Data records:
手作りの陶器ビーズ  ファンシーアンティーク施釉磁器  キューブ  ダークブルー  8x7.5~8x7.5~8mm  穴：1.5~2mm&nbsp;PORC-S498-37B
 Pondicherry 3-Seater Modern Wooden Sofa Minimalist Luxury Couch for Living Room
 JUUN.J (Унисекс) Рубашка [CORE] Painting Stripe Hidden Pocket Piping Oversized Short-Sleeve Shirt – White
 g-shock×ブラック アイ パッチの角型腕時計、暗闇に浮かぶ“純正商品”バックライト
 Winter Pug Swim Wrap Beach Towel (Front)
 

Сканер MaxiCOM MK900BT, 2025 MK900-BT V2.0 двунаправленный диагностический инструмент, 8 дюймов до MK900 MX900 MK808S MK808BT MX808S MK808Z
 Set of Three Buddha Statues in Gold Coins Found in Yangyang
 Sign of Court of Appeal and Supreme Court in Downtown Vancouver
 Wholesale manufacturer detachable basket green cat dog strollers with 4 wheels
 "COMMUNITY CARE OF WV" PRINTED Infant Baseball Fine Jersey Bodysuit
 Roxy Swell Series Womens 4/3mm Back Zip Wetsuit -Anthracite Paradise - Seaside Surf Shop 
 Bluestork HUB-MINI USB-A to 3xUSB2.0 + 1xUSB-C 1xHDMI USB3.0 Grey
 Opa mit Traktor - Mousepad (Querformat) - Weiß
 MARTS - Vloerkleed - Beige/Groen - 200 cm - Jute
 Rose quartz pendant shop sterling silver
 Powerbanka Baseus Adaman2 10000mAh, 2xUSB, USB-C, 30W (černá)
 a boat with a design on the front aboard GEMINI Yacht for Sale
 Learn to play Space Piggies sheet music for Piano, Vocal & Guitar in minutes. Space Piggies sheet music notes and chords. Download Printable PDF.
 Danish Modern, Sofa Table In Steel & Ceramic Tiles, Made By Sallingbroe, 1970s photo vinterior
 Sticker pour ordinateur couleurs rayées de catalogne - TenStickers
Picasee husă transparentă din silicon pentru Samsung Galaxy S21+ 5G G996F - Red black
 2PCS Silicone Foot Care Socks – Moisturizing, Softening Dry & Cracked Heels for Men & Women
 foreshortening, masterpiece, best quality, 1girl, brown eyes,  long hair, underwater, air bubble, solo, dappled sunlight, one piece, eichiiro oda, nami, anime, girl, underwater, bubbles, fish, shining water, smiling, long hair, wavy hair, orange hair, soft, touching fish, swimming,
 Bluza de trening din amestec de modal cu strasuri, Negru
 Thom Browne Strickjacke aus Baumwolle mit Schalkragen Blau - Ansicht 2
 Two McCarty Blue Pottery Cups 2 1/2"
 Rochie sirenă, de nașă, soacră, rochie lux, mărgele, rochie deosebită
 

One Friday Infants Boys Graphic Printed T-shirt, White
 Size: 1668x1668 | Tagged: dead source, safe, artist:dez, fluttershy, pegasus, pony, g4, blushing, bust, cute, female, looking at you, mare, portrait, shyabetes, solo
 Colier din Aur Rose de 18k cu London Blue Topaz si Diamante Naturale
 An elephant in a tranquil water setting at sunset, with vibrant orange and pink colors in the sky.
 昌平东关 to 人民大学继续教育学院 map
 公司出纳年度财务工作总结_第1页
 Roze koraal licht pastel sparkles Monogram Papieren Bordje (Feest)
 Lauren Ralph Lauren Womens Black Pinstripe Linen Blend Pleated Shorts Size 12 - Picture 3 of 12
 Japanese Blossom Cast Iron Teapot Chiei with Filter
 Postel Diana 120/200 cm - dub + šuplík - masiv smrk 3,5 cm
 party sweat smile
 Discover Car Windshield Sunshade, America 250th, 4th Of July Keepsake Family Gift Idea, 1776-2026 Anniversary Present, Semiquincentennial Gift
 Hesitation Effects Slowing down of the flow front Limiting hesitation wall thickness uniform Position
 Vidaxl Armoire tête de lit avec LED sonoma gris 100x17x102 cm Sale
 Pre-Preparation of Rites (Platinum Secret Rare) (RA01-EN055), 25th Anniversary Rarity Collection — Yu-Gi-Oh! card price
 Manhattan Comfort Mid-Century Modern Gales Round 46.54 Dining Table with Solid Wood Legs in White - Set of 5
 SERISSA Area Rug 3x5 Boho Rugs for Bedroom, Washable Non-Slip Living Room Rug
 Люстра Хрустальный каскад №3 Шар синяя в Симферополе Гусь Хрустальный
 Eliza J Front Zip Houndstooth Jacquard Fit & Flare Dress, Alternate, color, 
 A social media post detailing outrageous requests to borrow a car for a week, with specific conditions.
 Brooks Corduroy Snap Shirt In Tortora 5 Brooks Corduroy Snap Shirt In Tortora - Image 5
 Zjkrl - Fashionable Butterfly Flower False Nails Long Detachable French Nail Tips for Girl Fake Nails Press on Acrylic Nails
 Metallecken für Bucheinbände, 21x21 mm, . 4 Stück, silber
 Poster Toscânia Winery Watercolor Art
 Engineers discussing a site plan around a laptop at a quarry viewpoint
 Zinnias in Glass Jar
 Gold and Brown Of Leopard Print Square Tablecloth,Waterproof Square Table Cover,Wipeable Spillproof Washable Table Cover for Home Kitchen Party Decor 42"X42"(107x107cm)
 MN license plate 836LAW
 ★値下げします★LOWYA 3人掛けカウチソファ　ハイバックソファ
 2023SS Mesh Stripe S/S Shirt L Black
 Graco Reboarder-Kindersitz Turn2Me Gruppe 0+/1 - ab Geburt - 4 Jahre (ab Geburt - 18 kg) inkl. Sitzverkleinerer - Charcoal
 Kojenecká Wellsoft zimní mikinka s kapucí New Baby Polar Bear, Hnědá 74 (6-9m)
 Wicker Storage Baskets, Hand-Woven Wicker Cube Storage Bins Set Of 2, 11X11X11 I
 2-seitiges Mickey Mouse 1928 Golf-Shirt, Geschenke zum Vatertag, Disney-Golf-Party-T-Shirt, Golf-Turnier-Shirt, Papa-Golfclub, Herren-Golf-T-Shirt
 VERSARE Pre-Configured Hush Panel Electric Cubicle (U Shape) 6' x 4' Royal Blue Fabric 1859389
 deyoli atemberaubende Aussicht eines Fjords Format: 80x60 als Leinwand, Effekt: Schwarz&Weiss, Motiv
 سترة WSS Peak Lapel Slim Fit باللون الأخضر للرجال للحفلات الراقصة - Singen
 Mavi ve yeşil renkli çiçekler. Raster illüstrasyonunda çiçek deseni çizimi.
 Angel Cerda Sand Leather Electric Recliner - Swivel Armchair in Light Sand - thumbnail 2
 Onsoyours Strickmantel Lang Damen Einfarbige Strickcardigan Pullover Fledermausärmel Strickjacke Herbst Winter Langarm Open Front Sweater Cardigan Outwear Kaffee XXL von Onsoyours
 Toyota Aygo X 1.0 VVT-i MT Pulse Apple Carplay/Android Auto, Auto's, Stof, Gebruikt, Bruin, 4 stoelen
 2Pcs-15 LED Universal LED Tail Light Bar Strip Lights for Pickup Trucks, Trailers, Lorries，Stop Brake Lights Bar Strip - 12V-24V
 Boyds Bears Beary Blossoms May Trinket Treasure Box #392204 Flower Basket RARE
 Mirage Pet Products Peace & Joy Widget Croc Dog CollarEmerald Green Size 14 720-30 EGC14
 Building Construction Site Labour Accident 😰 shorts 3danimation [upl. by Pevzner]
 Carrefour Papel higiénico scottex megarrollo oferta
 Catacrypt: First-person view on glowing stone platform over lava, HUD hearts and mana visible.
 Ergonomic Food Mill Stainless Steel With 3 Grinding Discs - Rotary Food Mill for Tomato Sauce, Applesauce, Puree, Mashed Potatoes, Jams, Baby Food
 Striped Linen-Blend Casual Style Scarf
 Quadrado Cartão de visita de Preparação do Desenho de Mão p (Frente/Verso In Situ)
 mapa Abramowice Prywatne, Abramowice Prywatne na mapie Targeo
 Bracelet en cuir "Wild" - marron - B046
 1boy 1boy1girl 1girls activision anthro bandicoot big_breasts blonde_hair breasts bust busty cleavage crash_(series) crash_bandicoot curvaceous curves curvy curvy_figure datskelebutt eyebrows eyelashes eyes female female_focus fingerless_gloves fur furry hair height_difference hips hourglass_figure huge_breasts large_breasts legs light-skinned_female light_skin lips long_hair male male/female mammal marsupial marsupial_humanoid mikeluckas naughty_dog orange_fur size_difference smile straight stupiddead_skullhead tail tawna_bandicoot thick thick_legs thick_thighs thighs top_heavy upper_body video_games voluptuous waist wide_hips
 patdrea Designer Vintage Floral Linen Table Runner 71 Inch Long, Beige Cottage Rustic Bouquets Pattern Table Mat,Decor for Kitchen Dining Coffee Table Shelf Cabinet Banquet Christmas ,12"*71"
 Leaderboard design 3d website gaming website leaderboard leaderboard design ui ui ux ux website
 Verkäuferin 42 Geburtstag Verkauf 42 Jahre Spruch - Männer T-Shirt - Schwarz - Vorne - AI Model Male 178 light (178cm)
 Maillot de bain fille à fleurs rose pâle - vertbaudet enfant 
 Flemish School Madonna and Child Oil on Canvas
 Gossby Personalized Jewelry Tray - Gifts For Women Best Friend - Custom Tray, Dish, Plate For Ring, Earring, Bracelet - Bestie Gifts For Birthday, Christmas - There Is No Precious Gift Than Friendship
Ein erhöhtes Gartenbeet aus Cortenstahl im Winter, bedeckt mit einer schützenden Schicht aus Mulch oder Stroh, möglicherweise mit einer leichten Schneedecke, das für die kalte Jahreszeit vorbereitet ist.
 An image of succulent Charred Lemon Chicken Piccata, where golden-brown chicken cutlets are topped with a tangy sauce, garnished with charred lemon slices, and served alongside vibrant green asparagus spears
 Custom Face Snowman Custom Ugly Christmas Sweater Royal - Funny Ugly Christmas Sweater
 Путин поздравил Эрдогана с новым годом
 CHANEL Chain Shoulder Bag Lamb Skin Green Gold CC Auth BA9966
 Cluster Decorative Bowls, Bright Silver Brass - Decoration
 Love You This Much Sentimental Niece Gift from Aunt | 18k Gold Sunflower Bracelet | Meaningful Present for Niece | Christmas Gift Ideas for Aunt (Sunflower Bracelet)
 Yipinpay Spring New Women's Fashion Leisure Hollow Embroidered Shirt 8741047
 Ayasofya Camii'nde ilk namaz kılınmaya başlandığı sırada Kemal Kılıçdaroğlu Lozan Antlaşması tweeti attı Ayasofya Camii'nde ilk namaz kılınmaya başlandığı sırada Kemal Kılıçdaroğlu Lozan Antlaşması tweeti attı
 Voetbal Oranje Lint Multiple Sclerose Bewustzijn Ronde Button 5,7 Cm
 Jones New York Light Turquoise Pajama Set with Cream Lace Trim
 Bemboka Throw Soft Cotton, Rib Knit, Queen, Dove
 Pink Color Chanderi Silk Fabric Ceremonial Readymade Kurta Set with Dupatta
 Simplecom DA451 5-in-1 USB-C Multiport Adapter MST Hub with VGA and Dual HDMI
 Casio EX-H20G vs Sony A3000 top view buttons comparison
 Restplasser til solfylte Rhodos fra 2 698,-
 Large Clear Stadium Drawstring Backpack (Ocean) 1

What to do:
Copy back the listing above exactly, but only from the line with "Путин поздравил Эрдогана с новым годом" through the line with "Yipinpay Spring New", both ends included.

Solution for this exercise:
 Путин поздравил Эрдогана с новым годом
 CHANEL Chain Shoulder Bag Lamb Skin Green Gold CC Auth BA9966
 Cluster Decorative Bowls, Bright Silver Brass - Decoration
 Love You This Much Sentimental Niece Gift from Aunt | 18k Gold Sunflower Bracelet | Meaningful Present for Niece | Christmas Gift Ideas for Aunt (Sunflower Bracelet)
 Yipinpay Spring New Women's Fashion Leisure Hollow Embroidered Shirt 8741047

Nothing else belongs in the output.